Snowflake interprets boolean values in parquet as NULL?

360 Views Asked by At

Parquet Entry Example (All entries have is_active_entity as true)

{
 "is_active_entity": true,
  "is_removed": false
}

Query that demonstrates all values are taken as NULL

select  $1:IS_ACTIVE_ENTITY::boolean, count(*) from @practitioner_delta_stage/part-00000-49224c02-150b-493b-8036-54ab30a8ff40-c000.snappy.parquet group by $1:IS_ACTIVE_ENTITY::boolean ;

Output has only one group for NULL

$1:IS_ACTIVE_ENTITY::BOOLEAN    COUNT(*)
    NULL                                            4930277

I don't know where I am going wrong, Spark writes the correct schema in parquet as evident from the example but snowflake takes it as NULL.

How do I fix this?

1

There are 1 best solutions below

0
On BEST ANSWER

The columns in your file are quoted.

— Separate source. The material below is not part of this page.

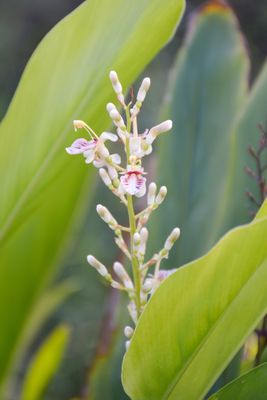 Galangal, Lesser (Alpinia officinarum) "Thai Ginger", 1G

As a consequence "is_active_entity" is not the same like "IS_ACTIVE_ENTITY"

Please try this query:

select $1:is_active_entity::boolean, count(*) from @practitioner_delta_stage/part-00000-49224c02-150b-493b-8036-54ab30a8ff40-c000.snappy.parquet group by $1:IS_ACTIVE_ENTITY::boolean ;

More infos: https://docs.snowflake.com/en/sql-reference/identifiers-syntax.html#:~:text=The%20identifier%20is%20case%2Dsensitive.